Twenty-Third Sunday in Ordinary Time, September 6, 2020

This Sunday’s first reading from the prophet Ezekiel reminds the prophet that he has been appointed watchman for the House of Israel. What exactly does this mean, and how does it apply to us today?

The Hebrew word tsaphah has a variety of meanings which provide some context for the sense of the word’s usage in the spiritual life. It can be translated “to look out or about, spy, keep watch”.

The New American Bible translates this word as “sentinel” which gives it a sense of urgency. The role and place of a sentinel is critical in battle, for the sentinel provides advance notice of threats that could harm or even destroy the army.

So how does this word apply in the sense it is used for Ezekiel? If we consider that greater than any physical threat is the spiritual threat we face from the Evil One, the spiritual watchman or the spiritual sentinel is even more important than a sentinel that protects us from a physical threat.

We all have had the experience, I think, that larger spiritual problems stem from smaller spiritual problems that we do not address. The type of selfishness that comes from embezzling money from an organization probably began with taking small things that were not easily noticed. When these small things became no big deal, then it became easier and easier to steal larger things.

And rather than identify the spiritual risk, we can seek to explain it away. Someone who steals money might be convinced that the owner did not need the money anyway. The most important part of identifying the spiritual risk is seeking to discover what elements of our lives are spiritually risky.

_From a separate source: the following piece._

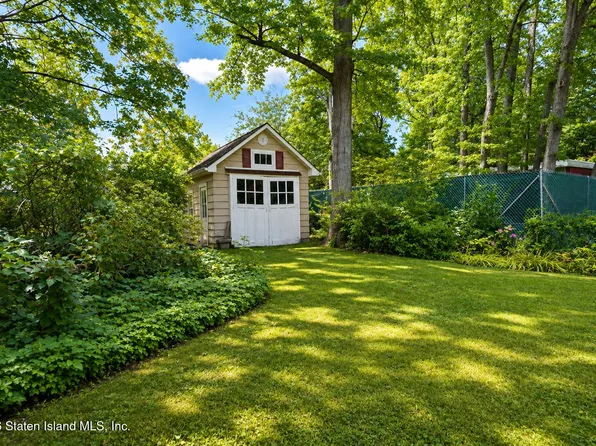 144 Great Kills Rd Cover view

Who are the reliable sentinels we can trust? In a time where people seem to be constantly fighting with each other, it is not easy to see. But it does seem to me that there are important qualities of good sentinels. So how can we become a good sentinel?

First, a good sentinel is one who is very attentive to how they live their own life. How often do we think about how we live our lives? Do we reflect on our behavior? The process of conducting an examen, or an examination of conscience each day is a good spiritual practice. It helps us discover the place and presence of God in our lives.

Second, it seems a good sentinel would be a person who puts themselves in a place where they are likely to encounter the presence of God. Do we, in our lives, give great attention to the sacraments? To prayer? Do we pray with the word of God?

Third, a good sentinel demonstrates genuine care for others. A good sentinel is concerned for the well-being of everyone, not just those liked. Today’s gospel tells us that love is the fulfillment of the law. And Saint Paul encourages us to realize is that what we owe one another, what we owe our neighbor, is love. A good sentinel imitates the commander, in our case, the Lord Jesus, in action, thoughts, and attitudes.

Lastly, it seems a good sentinel is one who is able to see clearly what is good and what is not. How readily do we look for the holy presence of God in our daily lives? How well do we seek to know Jesus? For if we do not know Jesus well, we might not recognize the ways he comes into our lives.